Es wäre der erste Einzug der NPD in ein westdeutsches Landesparlament seit über 30 Jahren - in Bremen ist er durch die Fusion der NPD mit der DVU in greifbare Nähe gerückt, die bereits viermal Abgeordnete aus Bremerhaven in die Bremische Bürgerschaft schickte.
Allerdings könnte es sein, dass Wahlkampfleiter Pühse selbst den Wahlkampf gefährdet. Pühse sitzt im Bundesvorstand der Partei und ist als "Bundesorganisationsleiter" für "nationaldemokratische Großveranstaltungen" zuständig. Zum Problem könnte werden, dass Pühse auch bei der NPD-Landtagsfraktion in Sachsen angestellt ist - als "Mitarbeiter Öffentlichkeitsarbeit". Das geht aus seinem E-Mail-Verkehr hervor, der den Medien unter 62.000 NPD-Mails zugespielt wurde. "Diese Verquickung von Fraktions- und Parteiarbeit ist nicht zulässig", sagt die sächsische Landtagsabgeordnete Kerstin Köditz (Die Linke).
Bis heute sei Pühse Mitarbeiter der Fraktion, sagt Köditz. Und er ist offenbar nicht der einzige Wahlkampfhelfer: Wenn Wahlen im Bundesgebiet anstünden, sei die "große Abwesenheit von NPD-Fraktionsmitarbeitern" auffällig. Viele Anträge würde die NPD-Fraktion dann auch nicht mehr stellen. "Ganz offensichtlich missbraucht die NPD Fraktionsmittel für rechtlich nicht erlaubte Wahlkampfunterstützungen - von Personal bis Infrastruktur", sagt Köditz.

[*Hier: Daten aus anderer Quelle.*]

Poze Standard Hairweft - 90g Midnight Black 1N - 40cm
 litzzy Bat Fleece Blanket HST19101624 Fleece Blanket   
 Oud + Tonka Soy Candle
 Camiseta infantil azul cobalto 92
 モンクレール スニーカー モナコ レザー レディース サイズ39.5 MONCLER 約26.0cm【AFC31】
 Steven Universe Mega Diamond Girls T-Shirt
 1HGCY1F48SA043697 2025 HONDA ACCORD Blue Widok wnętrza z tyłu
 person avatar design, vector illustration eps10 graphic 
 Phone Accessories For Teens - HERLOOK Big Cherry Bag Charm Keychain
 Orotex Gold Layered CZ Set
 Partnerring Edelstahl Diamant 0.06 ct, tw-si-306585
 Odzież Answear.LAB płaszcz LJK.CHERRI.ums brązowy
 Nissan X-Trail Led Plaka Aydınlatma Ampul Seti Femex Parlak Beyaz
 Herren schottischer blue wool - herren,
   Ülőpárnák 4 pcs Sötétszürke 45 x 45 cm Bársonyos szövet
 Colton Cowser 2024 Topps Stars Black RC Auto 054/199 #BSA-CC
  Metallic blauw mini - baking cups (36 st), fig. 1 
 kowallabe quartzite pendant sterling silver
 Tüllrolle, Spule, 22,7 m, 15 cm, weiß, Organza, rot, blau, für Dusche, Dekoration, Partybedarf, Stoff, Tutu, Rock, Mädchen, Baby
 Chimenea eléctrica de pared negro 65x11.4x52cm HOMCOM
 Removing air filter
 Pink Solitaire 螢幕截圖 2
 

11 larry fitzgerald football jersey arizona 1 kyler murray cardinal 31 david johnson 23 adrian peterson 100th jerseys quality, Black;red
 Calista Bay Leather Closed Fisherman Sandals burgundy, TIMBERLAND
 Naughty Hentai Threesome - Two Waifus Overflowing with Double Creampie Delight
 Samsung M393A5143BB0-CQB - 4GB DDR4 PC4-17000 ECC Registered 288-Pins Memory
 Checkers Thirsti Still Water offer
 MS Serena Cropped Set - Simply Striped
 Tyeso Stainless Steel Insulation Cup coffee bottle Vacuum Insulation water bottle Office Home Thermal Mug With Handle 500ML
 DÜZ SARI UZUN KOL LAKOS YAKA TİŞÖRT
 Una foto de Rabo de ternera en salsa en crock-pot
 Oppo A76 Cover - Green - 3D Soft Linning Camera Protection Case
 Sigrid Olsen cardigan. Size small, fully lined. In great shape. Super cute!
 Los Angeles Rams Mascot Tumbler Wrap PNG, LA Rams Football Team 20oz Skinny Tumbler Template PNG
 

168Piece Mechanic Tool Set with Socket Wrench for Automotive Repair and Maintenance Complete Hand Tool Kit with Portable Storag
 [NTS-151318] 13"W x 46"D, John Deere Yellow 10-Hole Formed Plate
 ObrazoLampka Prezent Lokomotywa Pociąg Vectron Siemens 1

"Fraktionen dürfen keinen Wahlkampf für Parteien machen", sagt Miro Jennerjahn, Rechtsextremismus-Experte der sächsischen Grünen-Fraktion. Wenn Arbeitszeit hierfür genützt würde, wäre das nicht rechtens. Auch Rechtsexperten der Bremer Bürgerschaft sind skeptisch, ob Pühses Engagement legal ist. Fraktions- und Parteiarbeit müssten getrennt werden, sagt eine Mitarbeiterin, die nicht namentlich zitiert werden will, "weil die Sache in Sachsen liegt". Der sächsische Rechnungshof überprüft derzeit auf Anfrage der taz, ob eine "unzulässige Verwendung von öffentlichen Mitteln" vorliegt.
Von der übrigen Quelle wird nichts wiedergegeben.